Olio d’oliva, prezzi in tenuta e raccolto italiano in aumento
Il settore dell’olio d’oliva europeo sta vivendo un ritorno a un trend produttivo nella media, dopo un biennio di offerta ridotta che ha fatto spiccare il volo ai prezzi dell’extravergine arrivati ad oltre i 10 euro al litro. E ora le stime di un rientro nelle medie ha spinto molti nel settore a parlare di un “ritorno alla normalità”. Una normalità sulla quale bisogna però intendersi bene. Il biennio di rincari era stato innescato da due campagne in cui la Spagna, leader mondiale, era stata penalizzata da eventi atmosferici avversi (prima la siccità poi il troppo caldo) che l’avevano spinta a produrre molto al di sotto delle proprie potenzialità, sotto quota un milione di tonnellate.
Quest’estate, si è cominciato a parlare invece per Madrid di un ritorno agli standard con una produzione stimata inizialmente oltre 1,6 milioni di tonnellate. Previsione che secondo Areté, società leader in Italia nel monitoraggio e nell’analisi delle quotazioni delle materie prime agrifood, nel primo semestre del 2025 aveva portato i listini dell’extravergine comunitario a perdere il 45%. Una caduta che immediatamente aveva spinto più di una organizzazione agricola a denunciare il rischio di forti speculazioni sui prezzi. Poi – fortunatamente, sarebbe caso di aggiungere – il caldo estivo ha portato a ridimensionare le stime in Spagna.

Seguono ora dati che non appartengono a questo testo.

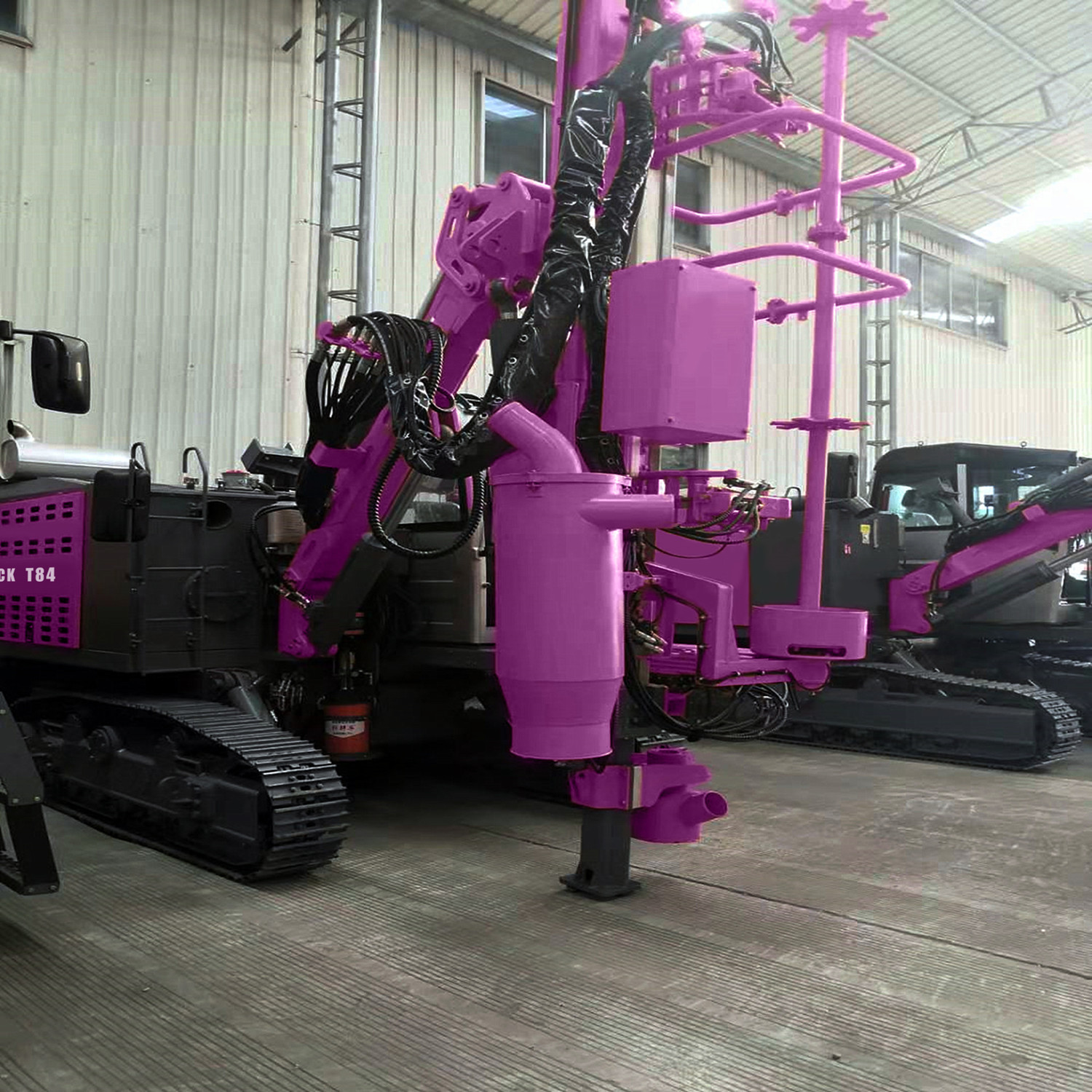 Top Hammer DTH Drill Rig Crawler Hydraulic Mining Borehole Drilling Machine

Il trend della produzione della campagna 2025-26 sono stati ricordati nei giorni scorsi a Roma in un incontro organizzato da Confagricoltura dalla ricercatrice Ismea, Tiziana Sarnari: «I dati di fonte Coi (Consiglio oleicolo internazionale) – ha spiegato – vedono la Spagna accreditata di una produzione di 1,3 milioni di tonnellate (-3% rispetto allo scorso anno), l’Italia di 300mila (+21%). Ritocco al ribasso per la Tunisia per la quale in un primo momento era stata prevista una produzione superiore alle 400mila tonnellate, non andrà invece oltre quota 270mila riportando così l’Italia al secondo posto tra i principali produttori mondiali. A chiudere la classifica Turchia (290mila), Grecia (245mila), Portogallo (165mila)».

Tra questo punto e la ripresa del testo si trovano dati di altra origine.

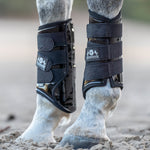Equestroom Midnight Black Brushing Boots - Equiluxe Tack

«Uno scenario – ha commentato il presidente di Confagricoltura, Massimiliano Giansanti – che vede ridimensionarsi il protagonismo a livello mondiale dell’Europa e della Spagna e crescere i paesi Nordafricani che ormai ricoprono più di un terzo della produzione mondiale». In queste condizioni di limatura al ribasso delle stime produttive i listini hanno ripreso slancio. «Le quotazioni del prodotto italiano – hanno aggiunto ad Areté – restano su livelli record (+5% sullo scorso anno) mentre l’extravergine comunitario ha registrato a ottobre un rimbalzo del 14% trainato dai rialzi sui mercati all’origine di Spagna (+17%) e Grecia (+15 per cento)».

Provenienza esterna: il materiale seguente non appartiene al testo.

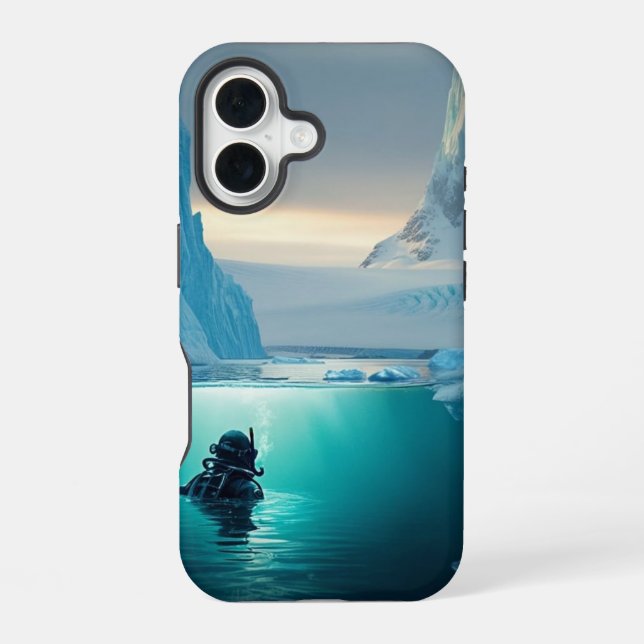 Coque iPhone 16 plongée pour l'or (Verso)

La tenuta dei listini è stata così salutata con sollievo sia dagli industriali che dagli olivicoltori. Per tutti, infatti, lo spauracchio da evitare sono le vendite sottocosto. Un fenomeno che negli anni ha danneggiato l’extravergine svalutandolo e facendolo assimilare a una commodity. «A causa di questa spirale perversa – ha commentato la presidente del Gruppo Olio d’oliva di Assitol (l’associazione delle aziende olearie italiane), Anna Cane – assistiamo alla “caccia” al prezzo più basso, ormai divenuto l’unico criterio di scelta dell’extravergine. Una gara che fa torto all’extravergine facendolo percepire come un prodotto dallo scarso valore».